Claim 8 is rejected under 35 U.S.C. 103 as being unpatentable over the combination of Ranzato, Gaidon, Kohli, and Sahba, further in view of Graves et. al. (“Towards End-to-End Speech Recognition with Recurrent Neural Networks”; hereinafter Graves).
As per Claim 8, the combination of Ranzato, Gaidon, Kohli, and Sahba teaches the method of claim 5 as shown above, as well as negative task reward function (Ranzato, Sec 3.2.1, discloses the use of a loss function, also known as a negative reward function:  “We define our loss as the negative expected reward”).
However, the combination of Ranzato, Gaidon, Kohli, and Sahba does not explicitly teach wherein the machine learning task is a speech recognition task, and wherein the task reward function is a negative word error rate for the candidate auxiliary output.
Graves teaches wherein the machine learning task is a speech recognition task, and wherein the task reward function is a [negative] word error rate for the candidate auxiliary output.  (Graves, Abstract, discloses a speech recognition task: “This paper presents a speech recognition system that directly transcribes audio data with text, without requiring an intermediate phonetic representation”.  Graves, Section 1 Page 2 Bottom of Left column, discloses:  “The basic system is enhanced by a new objective function that trains the network to directly optimize the word error rate.”  Graves, Section 4 Page 5 bottom of left column, describes word error rate as a “loss function”:  “However, for many loss functions (including word error rate) this could be optimized by only recalculating that part of the loss corresponding to the alignment change. For our experiments, five samples per sequence gave sufficiently low variance gradient estimates for effective training.”  Ranzato, as shown above, discloses negative task reward function, which results in the negative word error rate.)

All of the elements of the claims are known in Graves and the combination of Ranzato, Gaidon, Kohli, and Sahba. The only difference is the combination of the structured prediction task of Ranzato, Gaidon, Kohli, and Sahba with the word error rate of Graves into a single device. It would have been obvious to one of ordinary skill in the art to incorporate the word error rate of Graves into the structured prediction task, since the operation of word error rate is in no way dependent on the operation of the other elements of the claims and the word error rate could be used in combination with the structured prediction task to achieve the predictable results of a structured prediction task with word error rate as the reward function.  Word error rate is well known in the art, as Graves indicates in Section 4 Top of Right Column:  “In speech recognition, for example, the standard measure is the word error rate (WER), defined as the edit distance between the true word sequence and the most probable word sequence emitted by the transcriber” (see MPEP 2143 KSR A).

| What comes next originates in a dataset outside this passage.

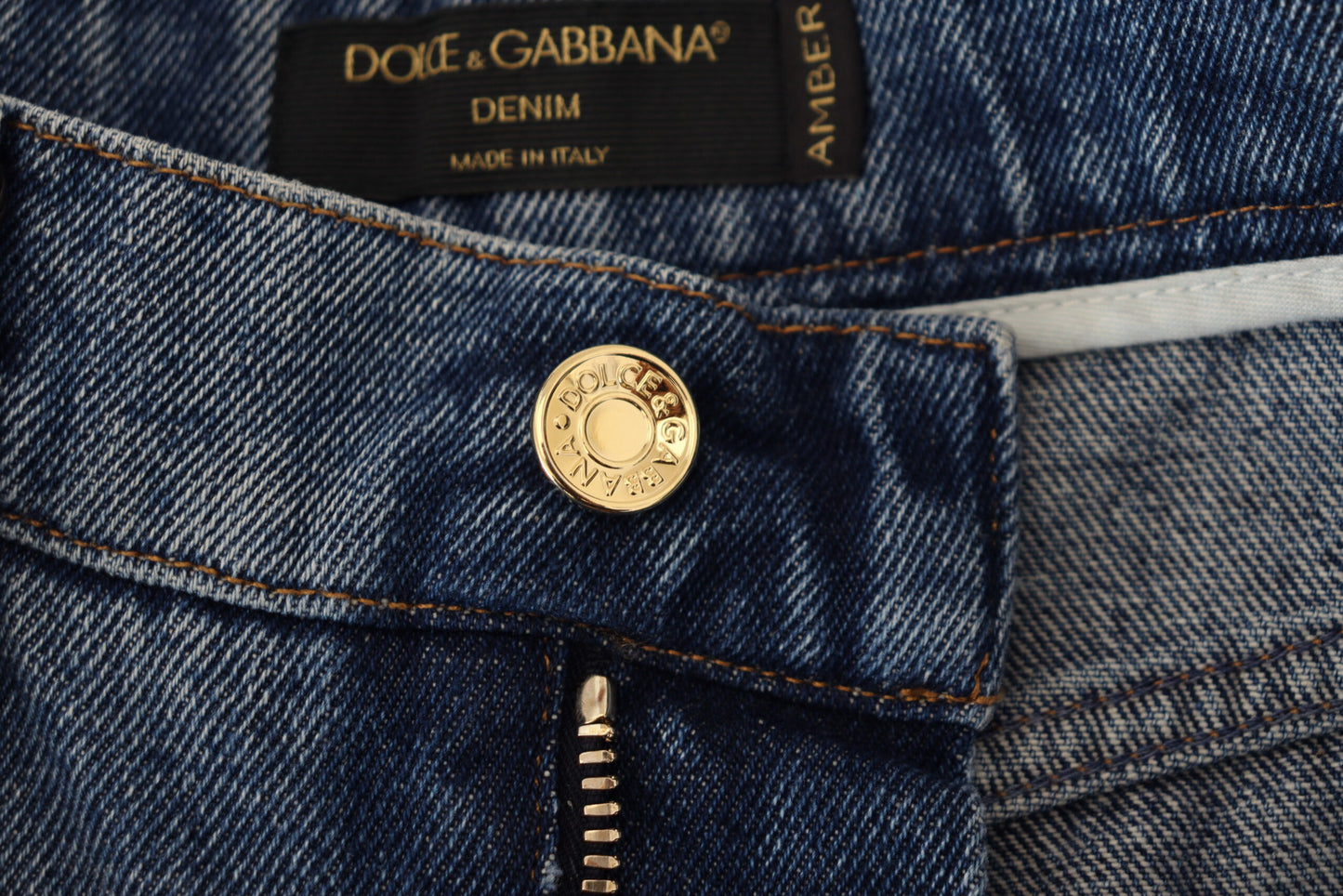 Dolce &amp; Gabbana Blue Tattered Skinny Denim-Baumwolljeans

Claim 11 is rejected under 35 U.S.C. 103 as being unpatentable over the combination of Ranzato, Gaidon, Kohli, and Sabha further in view of Santos et. al. (“Improving the fitness of high-dimensional biomechanical models via data-driven stochastic exploration”; hereinafter Santos).
As per Claim 11, the combination of Ranzato, Gaidon, Kohli, and Sabha teaches the method of claim 10 as shown above.  However, the combination of Ranzato, Gaidon, Kohli, and Sabha does not teach wherein the score distribution is a stationary distribution.

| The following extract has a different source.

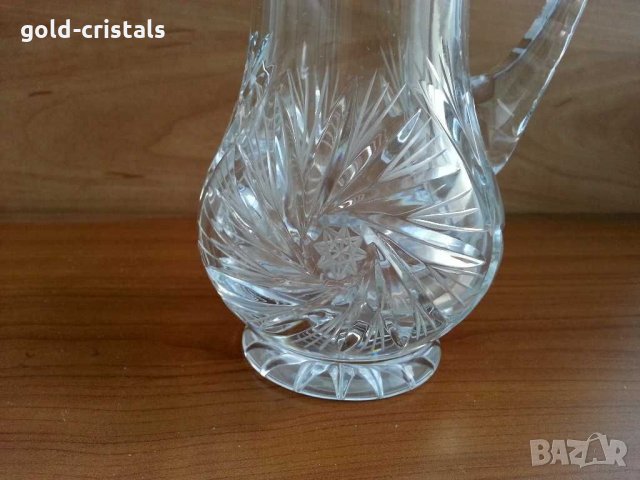 кристална кана гравирана , снимка 2 - Антикварни и старинни предмети - 29504279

Santos teaches wherein the score distribution is a stationary distribution. (Santos, Section II A, discloses sampling from a stationary distribution:  “Ideally, we would know our target distribution π(θ) (the posterior distribution p(θ|X), or the probability of the model parameter set θ given observed data X) and it would be a simple analytical expression or easy to sample from directly. When this is not the case, we can still estimate the target distribution by sampling from a stationary distribution π∗(θ) that is proportional to the target distribution π(θ) and draw inferences on these results. We can estimate the expectation of any function of θ using averages of samples drawn after convergence to the stationary distribution.”)
Ranzato, Gaidon, Kohli, Sabha, and Santos are analogous art because they are in the field of endeavor of machine learning.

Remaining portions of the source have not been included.